4. Par suite, c'est à tort que, par le jugement attaqué, le tribunal administratif de Toulon a rejeté sa requête tendant à l'annulation de l'arrêté du 14 février 2018 du préfet du Var.
Sur les conclusions à fin d'injonction :
5. Aux termes de l'article L. 911-1 du code de justice administrative : " Lorsque sa décision implique nécessairement qu'une personne morale de droit public ou un organisme de droit privé chargé de la gestion d'un service public prenne une décision dans un sens déterminé, la juridiction, saisie de conclusions en ce sens, prescrit, par la même décision, cette mesure assortie, le cas échéant, d'un délai d'exécution ".
6. L'exécution du présent arrêt implique qu'il soit enjoint au préfet du Var de délivrer à Mme B... un certificat de résidence algérien portant la mention " vie privée et familiale ", dans un délai de deux mois suivant la notification du présent arrêt. Il n'y a pas lieu, dans les circonstances de l'espèce, d'assortir cette injonction d'une astreinte.

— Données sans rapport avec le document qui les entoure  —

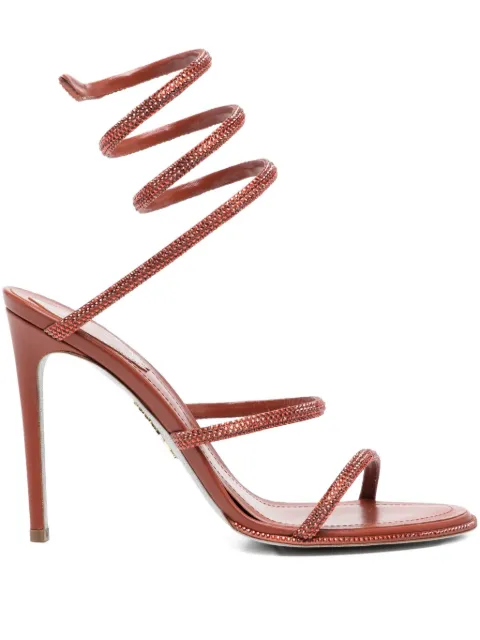 René Caovilla 110mm crystal-embellished spiral-wrap sandals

Sur l'application de l'article L. 761-1 du code de justice administrative :
7. Aux termes de l'article L. 761-1 du code de justice administrative : " Dans toutes les instances, le juge condamne la partie tenue aux dépens ou, à défaut, la partie perdante, à payer à l'autre partie la somme qu'il détermine, au titre des frais exposés et non compris dans les dépens. Le juge tient compte de l'équité ou de la situation économique de la partie condamnée. Il peut, même d'office, pour des raisons tirées des mêmes considérations, dire qu'il n'y a pas lieu à cette condamnation ".
8. Il y a lieu, dans les circonstances de l'espèce, de mettre à la charge de l'Etat une somme de 1 500 euros au titre des frais exposés par Mme B..., en application de l'article L. 761-1 du code de justice administrative.
D É C I D E :
Article 1er : Le jugement n° 1801097 du 12 juin 2020 du tribunal administratif de Toulon et l'arrêté du 14 février 2018 du préfet du Var sont annulés.
Article 2 : Il est enjoint au préfet du Var de délivrer à Mme B... un certificat de résidence portant la mention " vie privée et familiale ", dans un délai de deux mois à compter de la notification du présent arrêt.
Article 3 : Il est mis à la charge de l'Etat, au profit de Mme B..., une somme de 1 500 euros en application de l'article L. 761-1 du code de justice administrative.
Article 4 : Le présent arrêt sera notifié à Mme D... B... veuve C... et au ministre de l'intérieur.
Copie en sera adressée au préfet du Var.
Délibéré après l'audience du 13 septembre 2021, où siégeaient :
- M. Guy Fédou, président,
- M. A... Taormina, président assesseur,
- M. François Point, premier conseiller.
Rendu public par mise à disposition au greffe, le 27 septembre 2021.